Large estates will be required to go through probate upon the death of the creator. The assets of the estate are sent through probate by the court before anything can be distributed to the heirs listed in the will. There are some assets that are not subject to probate and they include life insurance policies, living trusts that hold property and property held via joint tenancy.
Before a will can be validated, it must meet a certain set of requirements, the first of which is that the creator (testator) did so when of sound mind and a legal adult at the time the will was written. The will must also be in writing.

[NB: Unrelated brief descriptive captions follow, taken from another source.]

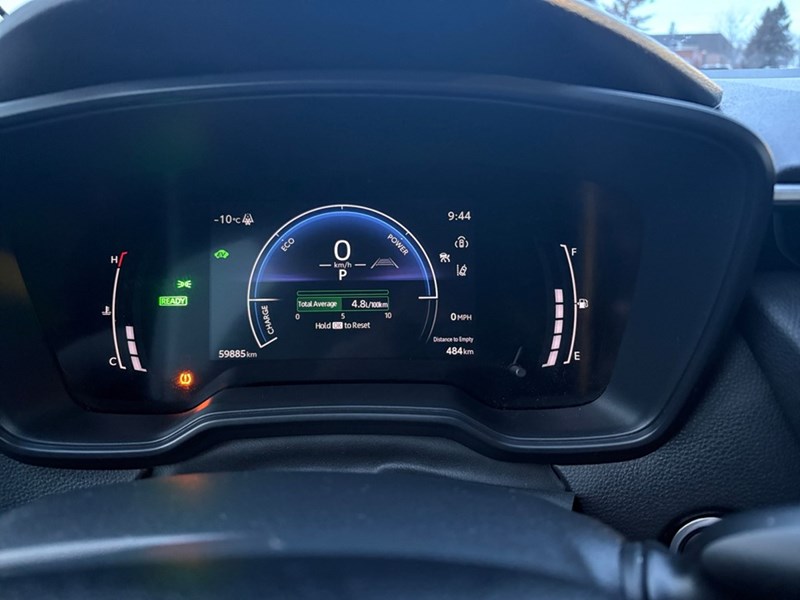 2024 Toyota Corolla Hybrid Hybrid LE CVT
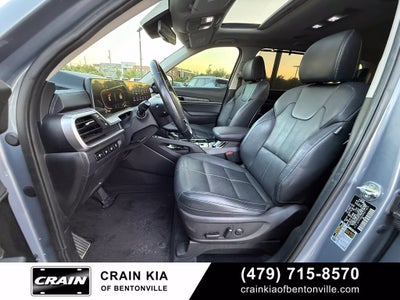 2023 Kia Telluride EX - KIA CPO / AWD / SUNROOF / CLEAN CARFAX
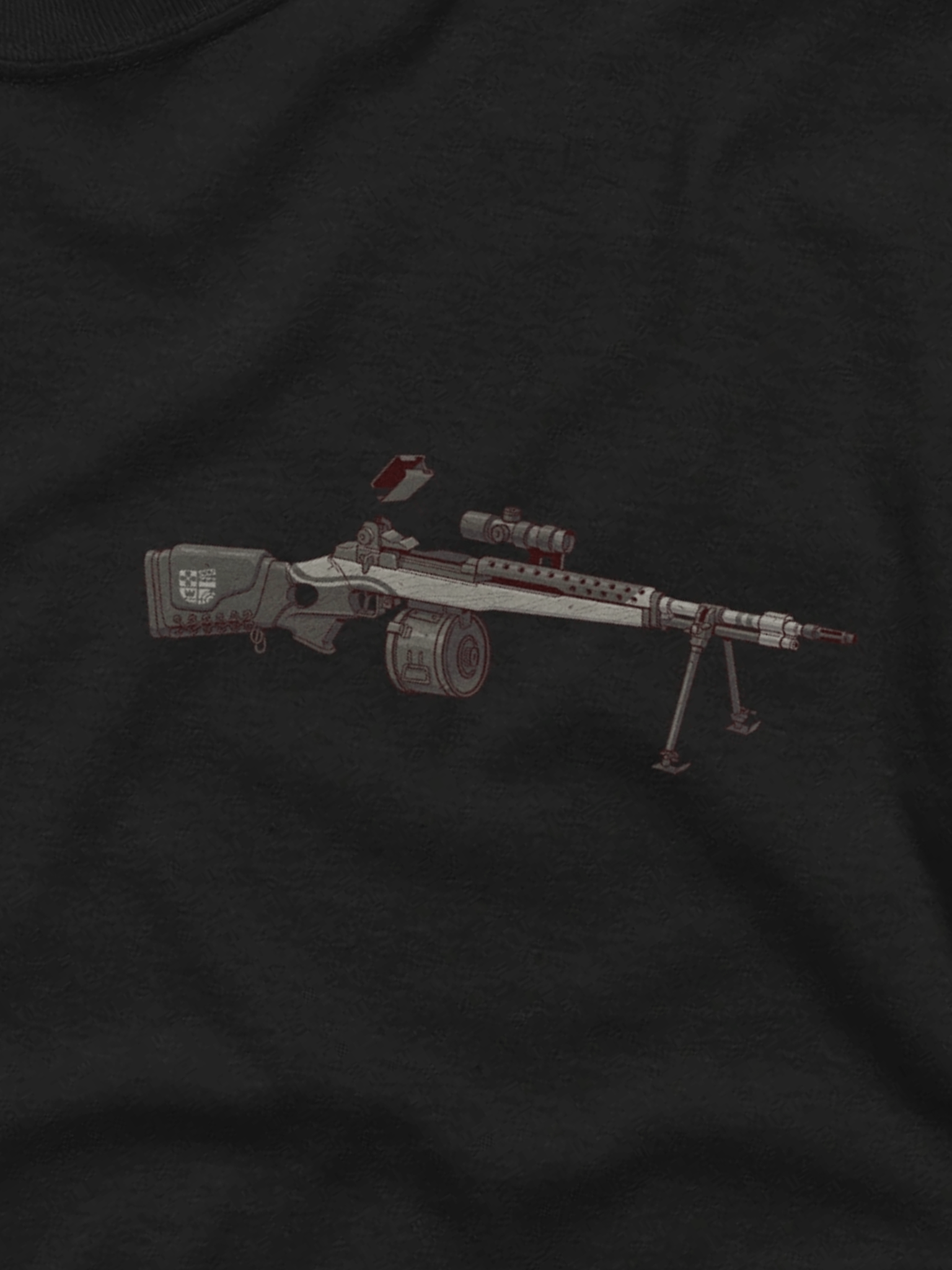 M1 VanGarand One Shot Tee product image (1)
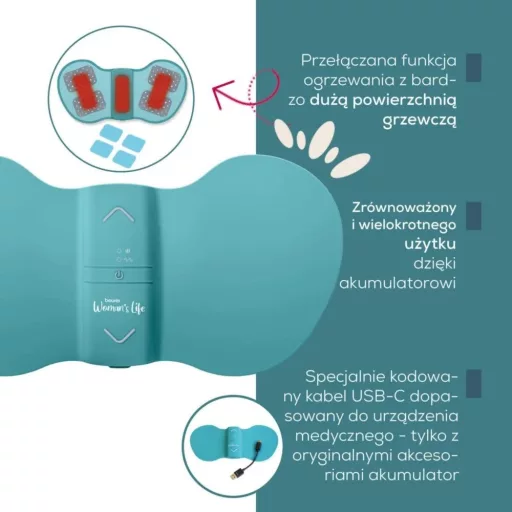 EM 55 Menstrual Relax + (mint)
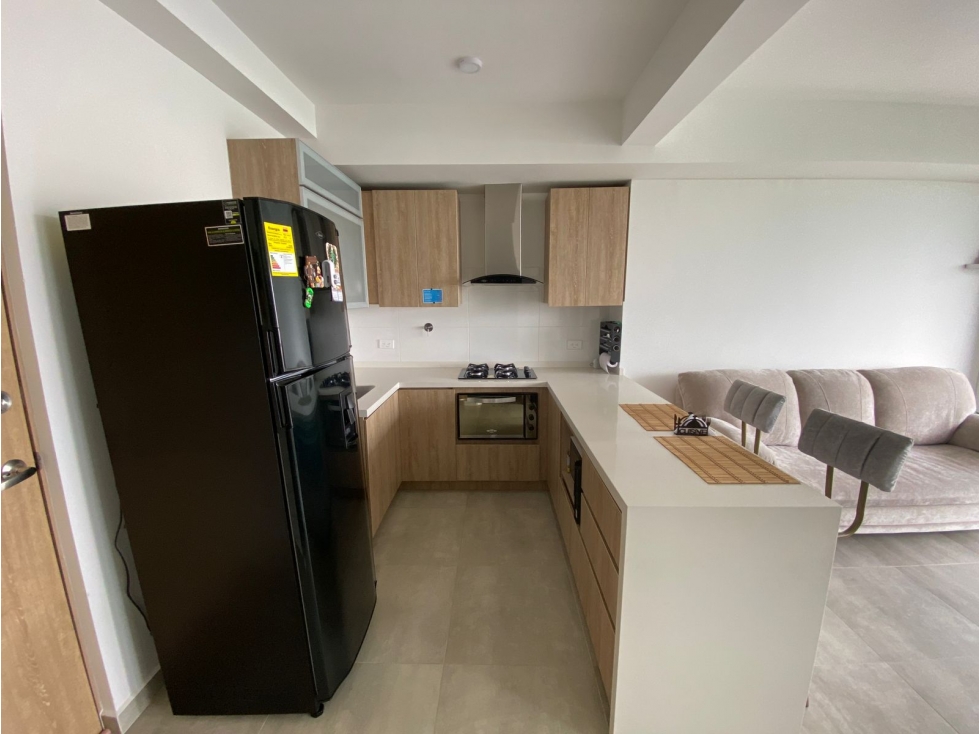 Apartamento en venta, pan de azucar, Sabaneta. — foto 6
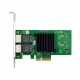 Pcie 4x dual gigabit ethernet kartı 4x 2 port ethernet kartı Pcie 4x dual gigabit ethernet kartı 4x 2 port ethernet kartı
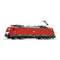 Modelleisenbahnen roco BR 186 Bedienungsanleitung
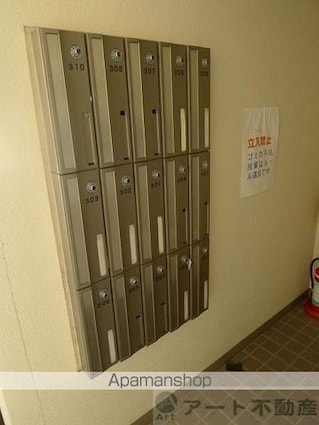 オーパスワン[1K/33.41m2]の共用部1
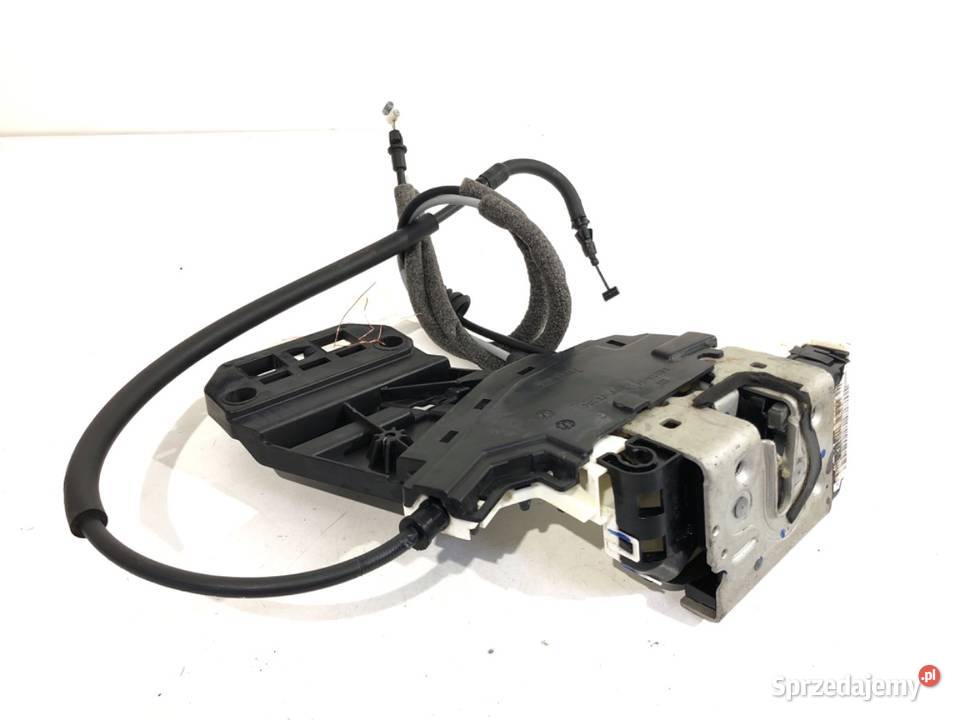 ZAMEK DRZWI PRAWY PRZÓD JEEP CHEROKEE KL SUV osobowe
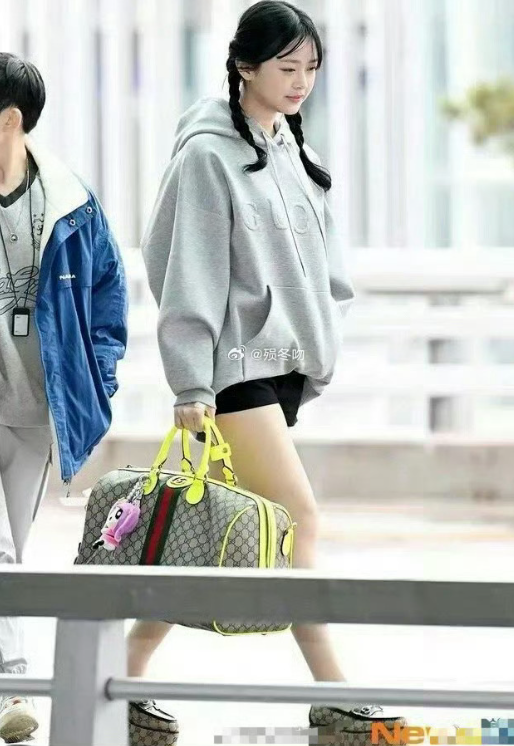 难怪我做不了有钱人，真的欣赏不来这双鞋，即使它是gucci...​​​​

The testator is required to sign the will in front of witnesses and it must be notarized in order for it to be validated.
Anyone can legally challenge a will if they tend to disagree with what is written in it, but it doesn’t mean that the challenge will be approved. The surviving spouse also has a right know as the right of election. This allows the spouse to claim up to half of the estate if unsatisfied with it.
Now that you know what happens with a will after death you can begin to prepare yourself for what’s to come if you are a power of attorney or executor. These are two important legal designations that should never be taken lightly.